As the Health IT Policy Committee's Privacy and Security "Tiger Team" continues its work to provide recommendations and suggested policy guidance on health information exchange, there appears to be some concern among hospitals and other HIPAA-covered entities that the recommendations, if implemented in federal rulemaking, would go add to the security and privacy requirements already in effect under the HIPAA Security Rule and Privacy Rule, and would go beyond the strengthened federal regulations included in the Health Information Technology for Economic and Clinical Health (HITECH) Act. According to a report from Modern Healthcare's Joseph Conn, a representative of the Federation of American Hospitals raised such concerns during the public comment period of the Health IT Policy Committee's November 19 meeting. The comments offered at the meeting related specifically to still-pending recommendations on patient privacy and, especially, consent.
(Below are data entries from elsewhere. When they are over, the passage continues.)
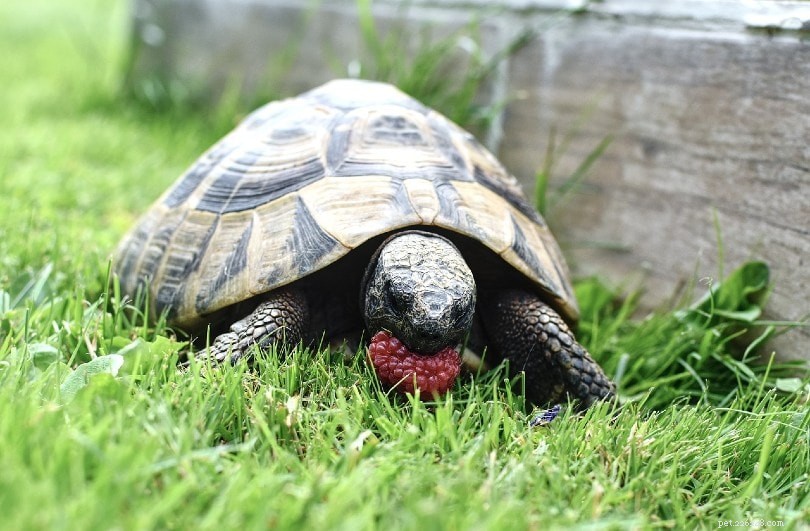 Vad äter sköldpaddor i naturen och som husdjur?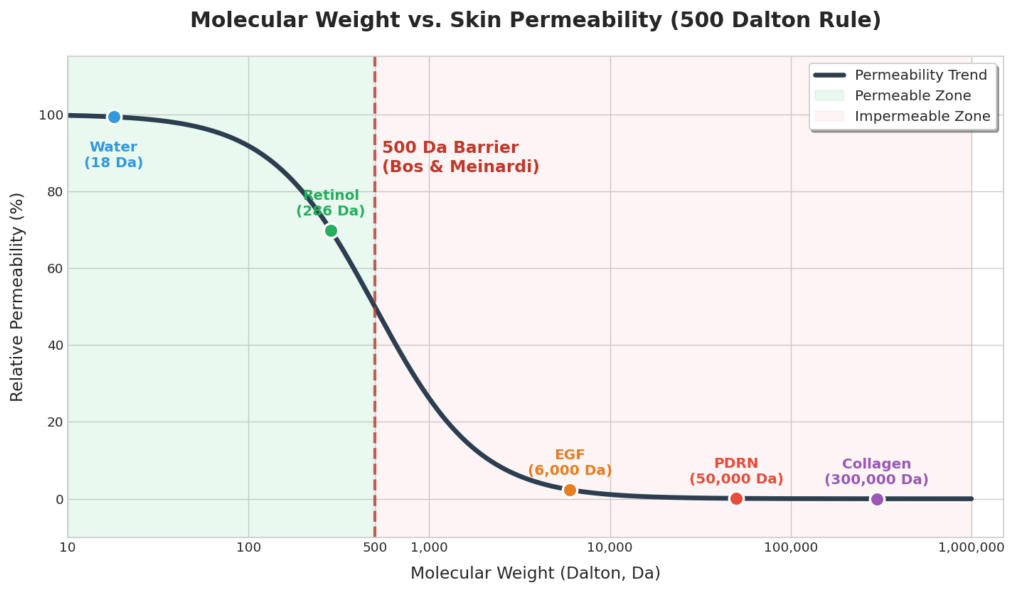PDRN salmon DNA ingredient used in K-beauty skincare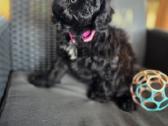 Cavapoo Bonita - nuotraukos Nr. 6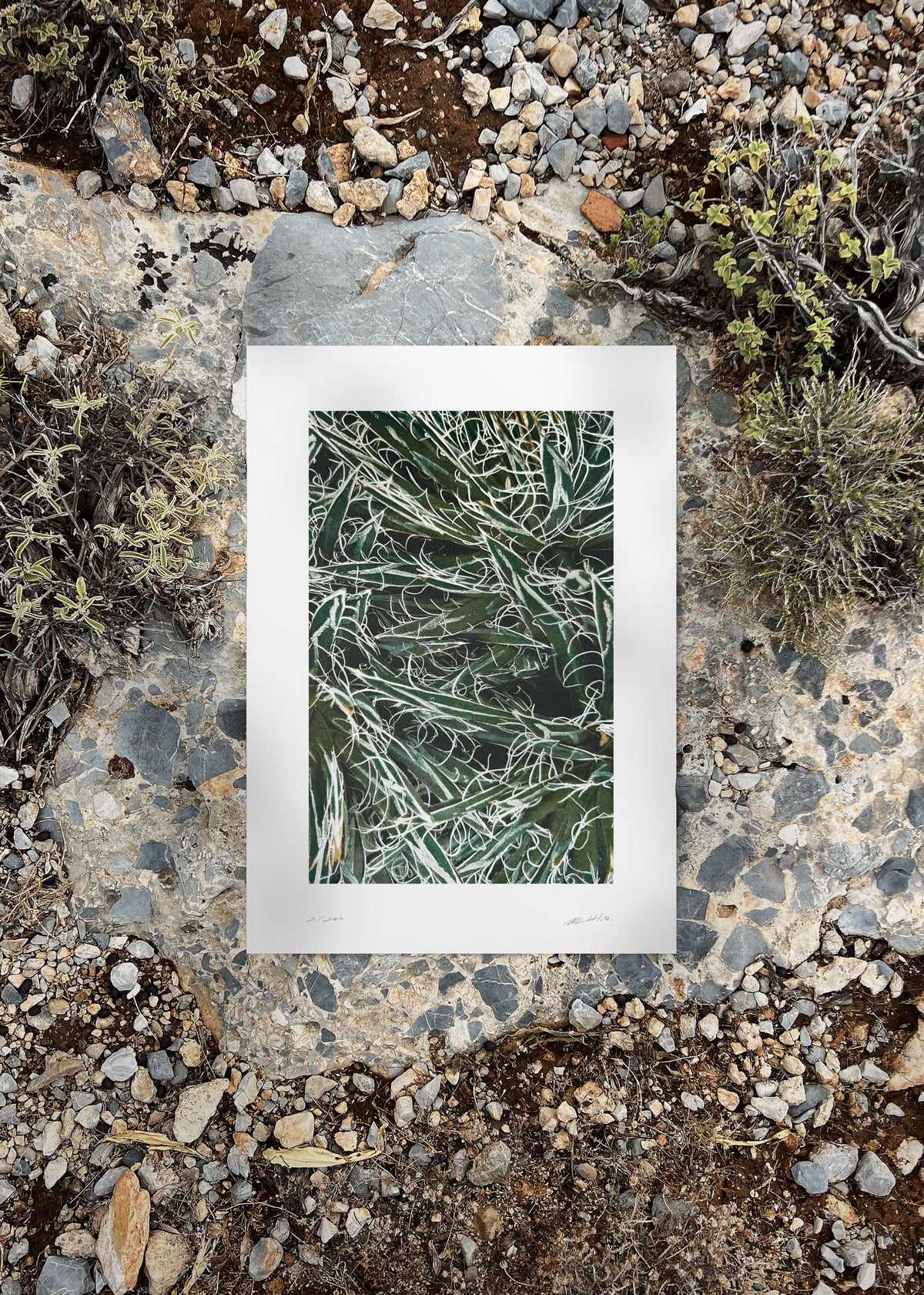 Kunstdruck Quiet Water N° 3-4
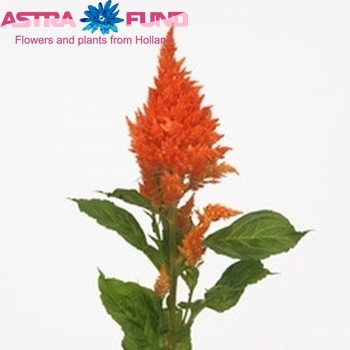 Celosia Purp Rose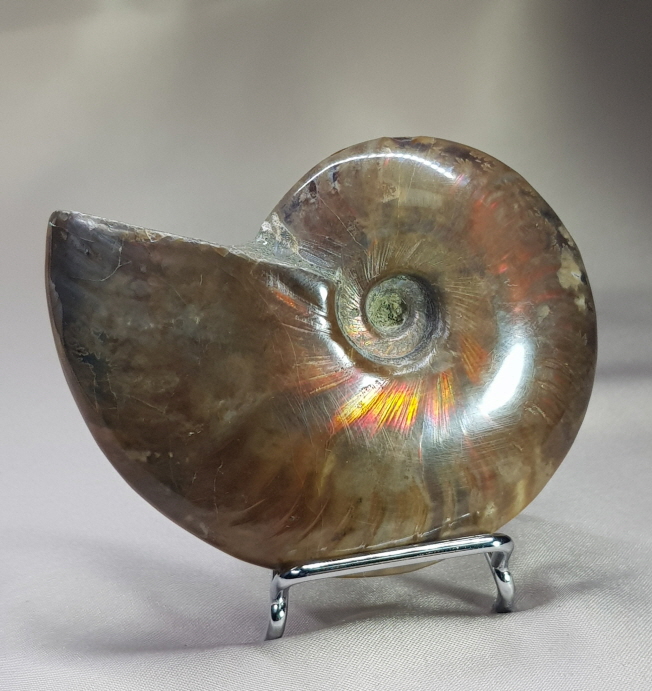 아프리카 오팔암몰라이트 화석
Previous briefings by Tiger Team leaders have both acknowledged the applicability of HIPAA and other relevant laws in specifying situations in which consent is not required, but in the face of potentially expanded health data sharing through the adoption of electronic health record (EHR) and health information exchange (HIE) systems, committee members have suggested that current regulations do not adequately reflect patient expectations about controlling the use and disclosure of their personal health information, especially when that information is shared via HIE. With so much attention focused on the government's meaningful use incentive program to encourage EHR technology adoption, the lack (so far) of any privacy provisions in meaningful use rules and standards has prompted Tiger Team discussions about ways to do more to protect patient privacy rights.
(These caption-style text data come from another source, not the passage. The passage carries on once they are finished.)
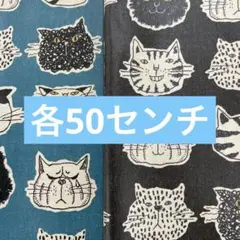 依頼品B
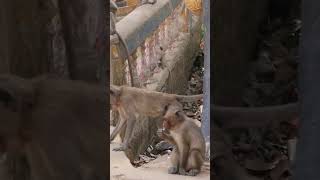 Monkey video  Prank monkey #funny #monkey #monkeyvideo #animals #funnyanimal #monkeyshow #animals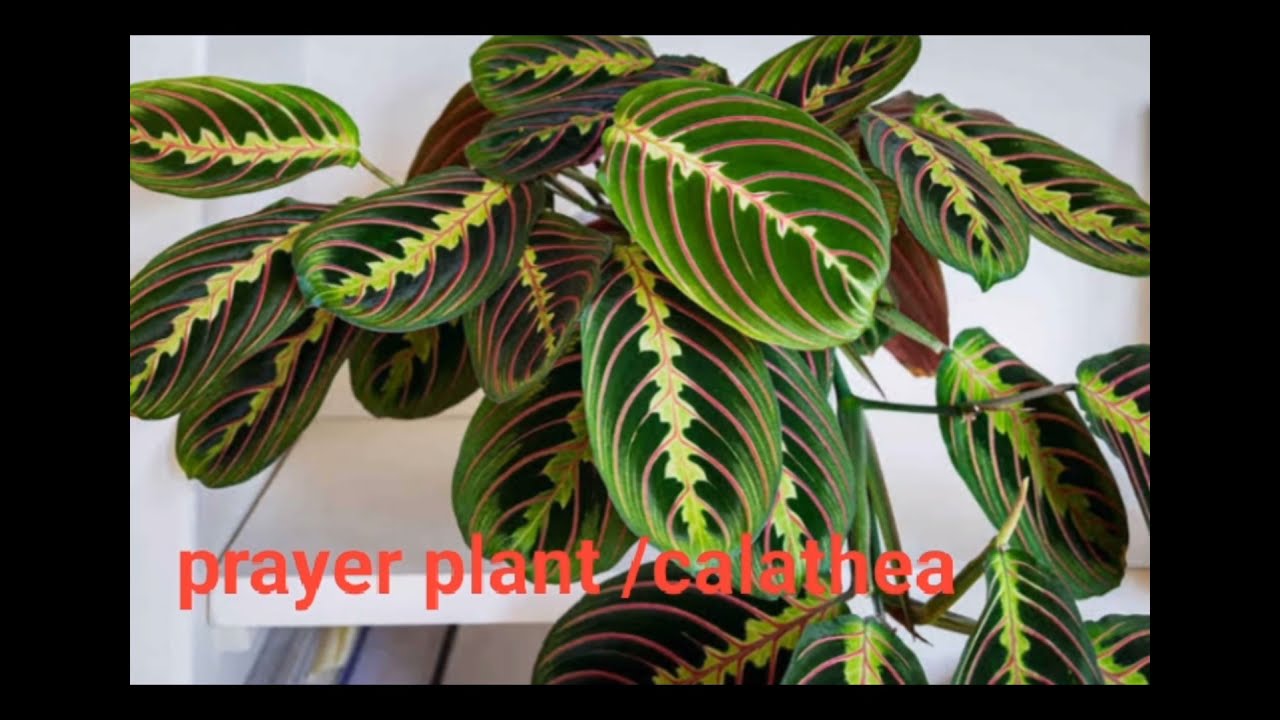 30 MOST POWERFUL PLANTS TO BRING GOOD FORTUNE (BUSINESS & HOME) 2021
During the November 19 meeting, Tiger Team co-chairs Deven McGraw and Paul Egerman presented a set of proposed recommendations for provider authentication in health information exchange, intended in part to address a perceived gap in the HIPAA Security Rule, which requires that HIPAA-covered entities implement policies and procedures to authenticate individual users or entities seeking access to protected health information (45 CFR §164.312(d)), but does not stipulate the means by which such authentication should occur. The Tiger Team advocates mandating the use of digital certificates for entity authentication for all entities involved in health information exchange. Adopting such an approach would require not only the technical capability to implement and use digital certificates among entities participating in HIEs, but also the establishment of a formal process for validating would-be participants (to ensure they are legitimate organizations) and for issuing credentials to approved entities. The authentication model for the Nationwide Health Information Network (NHIN) has long been envisioned to use a single, centralized certificate authority to issue credentials and manage certificate validity, revocation, and related maintenance processes. The most recent recommendations from the Tiger Team suggest that instead of relying on a central authority, the Office of the National Coordinator should establish an accreditation program (perhaps similar to the one used for accrediting EHR testing and certifying bodies under the meaningful use program) to authorize multiple certificate issuers. While a federated or distributed model for credentialing would almost certainly be more scalable than a single-issuer model, there remain unaddressed aspects of governance and oversight related to how ONC can ensure that organizations seeking approval as certificate issuers conform to all relevant technical and governance criteria, and are sufficiently trustworthy to handle entity identity proofing and issue authentication credentials.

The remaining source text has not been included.